All through the Dark Ages of medieval Europe,monks and nuns kept the spark of learning alive. They copied scriptures, practiced medicine, composed music — and brewed beer.
Back in the 12th century, the Benedictine abbess Hildegard von Bingen wrote about the health benefits of hops and, even today, you still can visit monasteries in Belgium, Germany and the Czech Republic that have earned a reputation for crafting high-quality beverages from fermented grains.
So it seems fitting that two local entrepreneurs have found a new home for the Breaker Brewing Co. in what was once a four-room schoolhouse connected to the former St. Joseph’s Monastery in Wilkes-Barre Township.
“To me, the atmosphere is great, so quiet and peaceful. We plan to keep it that way,” said Mark Lehman, 41, of Hanover Township.
“You get a great view of the Valley,” added Chris Miller, 39, of Plains Township, noting the location high on the steep hill of Northampton Street.
The two men, friends since their high-school days when they worked together stocking shelves and rounding up shopping carts at the former Sunshine Market, expect to open Breaker Brewing Co. for tours and tastings as early as next week.
“We’ll announce (the official opening) on our Facebook page,” Miller said.
For those who aren’t into Facebook, Lehman offered a phone number: 570-392-9078.
The hours they’ll be open could well be 4 to 8 p.m. on weekdays, longer on weekends, Miller said.
When you visit, you’ll find the classroom chalkboards still intact, except for the one in the tap room where a row of gleaming faucets has been attached to the wall. Avid do-it-yourselfers Miller and Lehman handled that task themselves, along with building a bar from recycled oak pews, pouring concrete, installing new bathrooms and building their own brewing equipment.
“This is the kind of wood you can use for wainscoting. You can get it at Lowe’s,” Lehman said, pointing out the material they used to dress up the outside of the stainless-steel “kettle” and “mash tun” that are part of the beer-making process.
They did have help from friends and relatives, including Lehman’s father-in-law, Tom Fender, who loaned his carpentry skills and Miller’s father, Art, who contributed old-time photographs of miners and tonnage reports that reflect the area’s anthracite heritage.
“This is a favorite of everyone who comes in,” Miller said, pointing to a sepia-toned picture behind the bar that shows an official pouring alcohol on the ground during Prohibition.
Nowadays, most people would be reluctant to waste the craft beers that Lehman and Miller consider a labor of love — adding such touches as freshly ground coriander or homemade strawberry extract to enhance the flavor.
Their most popular brew is Lunch Pail Ale, which Miller describes as “a hoppy pale ale, golden in color, with a nice floral aroma.” Other beers they offer year-round include Olde King Coal Stout, 5 Whistle Wheat and Malty Maguires.
Seasonally, they offer a “chocolatey” beer named Black Mariah in honor of the horse-drawn vehicle that sometimes was used as an ambulance or hearse; Quiet Canary, which honors the caged birds who died as an indicator of toxic fumes in the mines, and a Christmas-time beer called Belsnickler in honor of “the sinister Santa” who carried a switch for naughty children.
Lehman admitted he learned that bit of folklore only recently, because his grandmother used the term in a different way.
“When we went out Halloweening, she’d say, ‘Oh, you’re going out Belsnickling,’ ” he remembered with a laugh.
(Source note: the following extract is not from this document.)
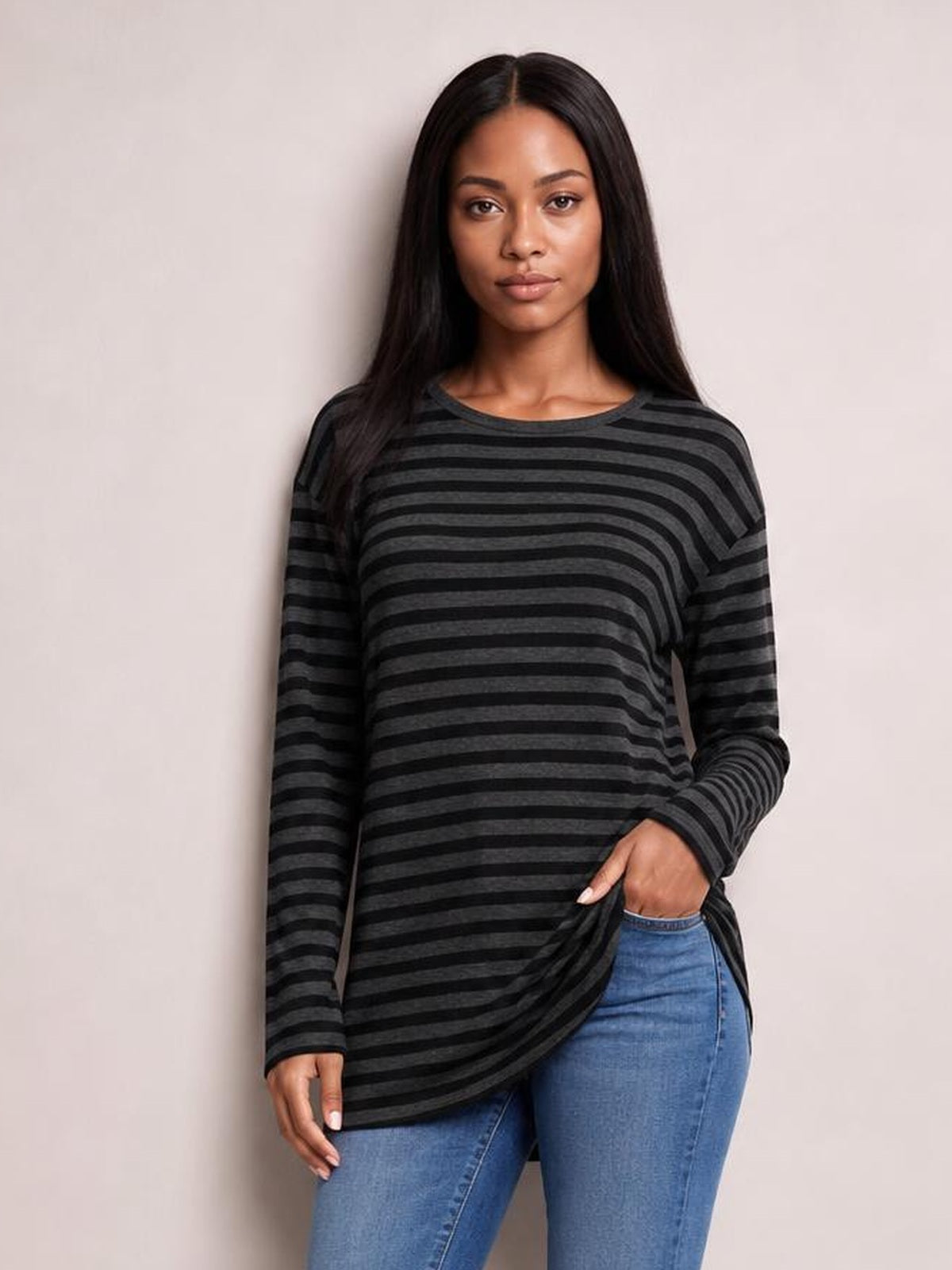 Model stands wearing a charcoal and black striped round-neck long-sleeve T-shirt with a relaxed silhouette and visible side-slit hem detail.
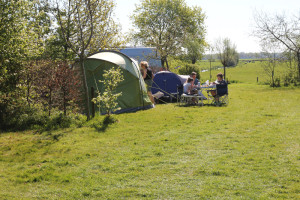 Mensen eten aan tafel voor hun tent op het kampeerterrein van natuurcamping drenthe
For the past few years Lehman and Miller have brewed beer in Miller’s Plains Township garage, eventually supplying 25 taverns from Nanticoke to Nicholson. As they outgrew the space, they looked for a new location.
The roughly 2.5-acre property on Northampton Street, which includes the former rectory, church and convent as well as the school, seemed ideal.
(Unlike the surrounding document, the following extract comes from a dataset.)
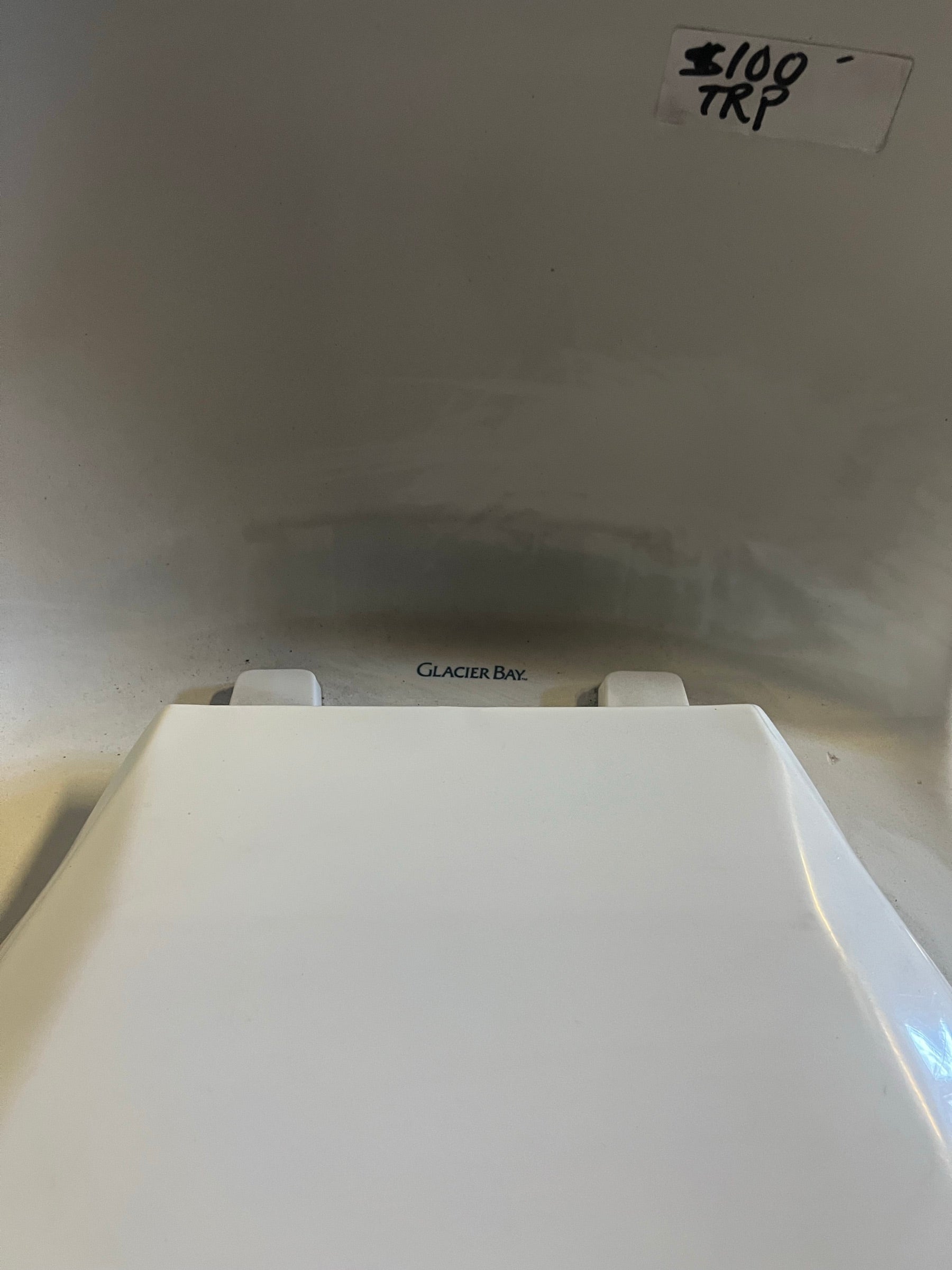 Glacier Bay brand mark on toilet, TRP | The ReUse People Oakland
“We keep hearing from people who used to go to school here,” Lehman said. “They’re excited about what we’re doing.”
“Congratulations on breathing life into an iconic township structure which was probably destined for the wrecking ball,” a well-wisher named Jim posted on the brewing company’s Facebook page.
“I can’t believe the original lights and blackboards are still there,” wrote a 1968 alum named Kathryn whose father graduated from the grade school in 1919, back when “the boys wore knickers.”
“Visiting W-B in late June for a high-school reunion,” a California man named Bill chimed in. “Want to see progress in your refurbishing the old school building. I went there in the 1950s. May I visit?”
Much sooner than that, the building will be open and welcoming the curious and the thirsty. Some could be friends from the neighborhood, and some might be people who otherwise would never have a reason to stop in the residential sections of Wilkes-Barre Township.
“We’d like to see this place become a destination,” Miller said.